Unlike traditional signature-based IDS tools, NetGuard AI uses unsupervised machine learning — it learns what normal traffic looks like on your own network and automatically flags deviations, without requiring a labelled attack dataset.
📡 Live Traffic → 🧠 Hybrid ML → ⚡ Confidence Score → 📊 SOC Dashboard
| # | Feature | Description |
|---|---|---|
| 01 | 📡 Live Packet Capture | Real-time traffic sniffing via Scapy on configurable network interface |
| 02 | 🧠 Hybrid ML Detection | Isolation Forest + One-Class SVM working in parallel |
| 03 | ⚡ 3-Tier Confidence Scoring | HIGH / MEDIUM / LOW based on dual-model agreement and anomaly score |
| 04 | 🔍 Rule-Based Classification | Pattern engine labels attack types — Flooding, Scan, Exfiltration |
| 05 | 🧾 SQLite Event Logging | All detections persisted with full schema and automatic migration |
| 06 | 📊 Professional SOC Dashboard | Live charts, alert feed, model metrics, and threat timeline |
| 07 | 🚨 Attack Simulator | Built-in DDoS / burst traffic generator for testing and demonstration |
| 08 | 📝 Audit Log File | All IDS events printed to terminal with timestamps for real-time review |
┌─────────────────────────────────────────────────────────┐
│ LIVE NETWORK TRAFFIC │
│ (1-second sliding windows) │
└───────────────────────────┬─────────────────────────────┘
│
▼
┌─────────────────────────────────────────────────────────┐
│ SCAPY CAPTURE │
│ Bound to wlan0 / eth0 interface │
└───────────────────────────┬─────────────────────────────┘
│
▼
┌─────────────────────────────────────────────────────────┐
│ FEATURE EXTRACTION │
│ packet_count · avg_size · max_size · src_ips · dst_ips │
└──────────────┬──────────────────────────┬───────────────┘
│ │
▼ ▼
┌──────────────────────┐ ┌─────────────────────────────┐
│ ISOLATION FOREST │ │ ONE-CLASS SVM │
│ Anomaly scoring │ │ Boundary classification │
│ (raw features) │ │ (StandardScaler applied) │
└──────────┬───────────┘ └──────────────┬──────────────┘
│ │
└──────────────┬────────────────┘
│
▼
┌─────────────────────────────────────────────────────────┐
│ HYBRID CONFIDENCE ASSIGNMENT │
│ 🔴 HIGH · 🟠 MEDIUM · 🟢 LOW │
└───────────────────────────┬─────────────────────────────┘
│
▼
┌─────────────────────────────────────────────────────────┐
│ RULE-BASED ATTACK CLASSIFICATION │
│ Flooding · Network Scan · Exfiltration · Burst │
└───────────────────────────┬─────────────────────────────┘
│
▼
┌─────────────────────────────────────────────────────────┐
│ SQLITE DATABASE │
│ Persistent event log with full schema │
└───────────────────────────┬─────────────────────────────┘
│
▼
┌─────────────────────────────────────────────────────────┐
│ STREAMLIT SOC DASHBOARD │
│ Auto-refreshes every 1 second │
└─────────────────────────────────────────────────────────┘
NetGuard AI builds its own training dataset from real traffic captured on your machine — no external datasets or manual labelling required.

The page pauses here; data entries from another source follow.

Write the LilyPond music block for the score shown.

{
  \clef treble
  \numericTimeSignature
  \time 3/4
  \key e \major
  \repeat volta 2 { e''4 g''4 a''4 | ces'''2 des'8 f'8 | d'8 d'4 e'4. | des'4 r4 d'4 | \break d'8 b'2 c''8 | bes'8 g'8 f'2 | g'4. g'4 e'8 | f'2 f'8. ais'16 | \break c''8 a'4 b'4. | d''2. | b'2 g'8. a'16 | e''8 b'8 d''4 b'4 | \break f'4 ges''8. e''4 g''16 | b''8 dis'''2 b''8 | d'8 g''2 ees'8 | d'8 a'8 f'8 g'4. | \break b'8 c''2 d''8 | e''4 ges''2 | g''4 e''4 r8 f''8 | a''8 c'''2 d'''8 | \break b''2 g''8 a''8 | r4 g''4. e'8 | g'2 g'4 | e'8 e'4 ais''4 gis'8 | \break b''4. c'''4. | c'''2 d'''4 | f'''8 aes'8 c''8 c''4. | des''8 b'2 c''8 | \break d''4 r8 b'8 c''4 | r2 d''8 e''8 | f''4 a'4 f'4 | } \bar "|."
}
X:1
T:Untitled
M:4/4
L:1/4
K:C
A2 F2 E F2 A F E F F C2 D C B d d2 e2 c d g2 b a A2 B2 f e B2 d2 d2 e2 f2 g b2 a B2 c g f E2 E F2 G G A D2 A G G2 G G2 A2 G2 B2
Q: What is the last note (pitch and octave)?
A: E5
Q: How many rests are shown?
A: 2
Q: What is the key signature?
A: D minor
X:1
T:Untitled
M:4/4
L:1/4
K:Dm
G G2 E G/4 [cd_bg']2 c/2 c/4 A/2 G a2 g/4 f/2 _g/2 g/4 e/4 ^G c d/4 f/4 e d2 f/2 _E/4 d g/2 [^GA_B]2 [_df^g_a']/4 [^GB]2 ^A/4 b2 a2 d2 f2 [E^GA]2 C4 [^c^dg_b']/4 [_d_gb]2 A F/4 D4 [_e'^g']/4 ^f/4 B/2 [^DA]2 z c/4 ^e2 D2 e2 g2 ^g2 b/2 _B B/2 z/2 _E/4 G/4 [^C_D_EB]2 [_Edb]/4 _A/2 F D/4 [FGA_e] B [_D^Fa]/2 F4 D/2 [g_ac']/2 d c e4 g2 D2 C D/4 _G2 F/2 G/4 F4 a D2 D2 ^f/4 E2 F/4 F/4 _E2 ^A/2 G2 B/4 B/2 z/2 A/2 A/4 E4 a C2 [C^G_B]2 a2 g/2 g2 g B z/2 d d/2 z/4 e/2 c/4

Packet Capture → Feature Extraction → Dataset Merging → Model Training
sudo python src/capture_single_device.py
Captures raw packet metadata (source/destination IPs, protocol, size) over a configurable duration and saves to data/raw/. Run multiple times under different conditions — idle, browsing, streaming, downloading — to build a diverse normal-traffic baseline.
python src/feature_extractor.py
Aggregates raw packets into 1-second feature windows:
| Feature | Description |
|---|---|
packet_count |
Total packets observed in the window |
avg_packet_size |
Mean packet size in bytes |
max_packet_size |
Largest single packet observed |
unique_src_ips |
Number of distinct source IP addresses |
unique_dst_ips |
Number of distinct destination IP addresses |
Output saved to data/processed/.
python src/merge_datasets.py
Combines all processed feature files, appends source labels for traceability, shuffles for randomness, and saves the final training dataset to:
data/processed/combined_features.csv
Why multiple captures? Training on traffic from different real-world conditions teaches the model what normal looks like across a variety of scenarios — significantly reducing false positives during live detection.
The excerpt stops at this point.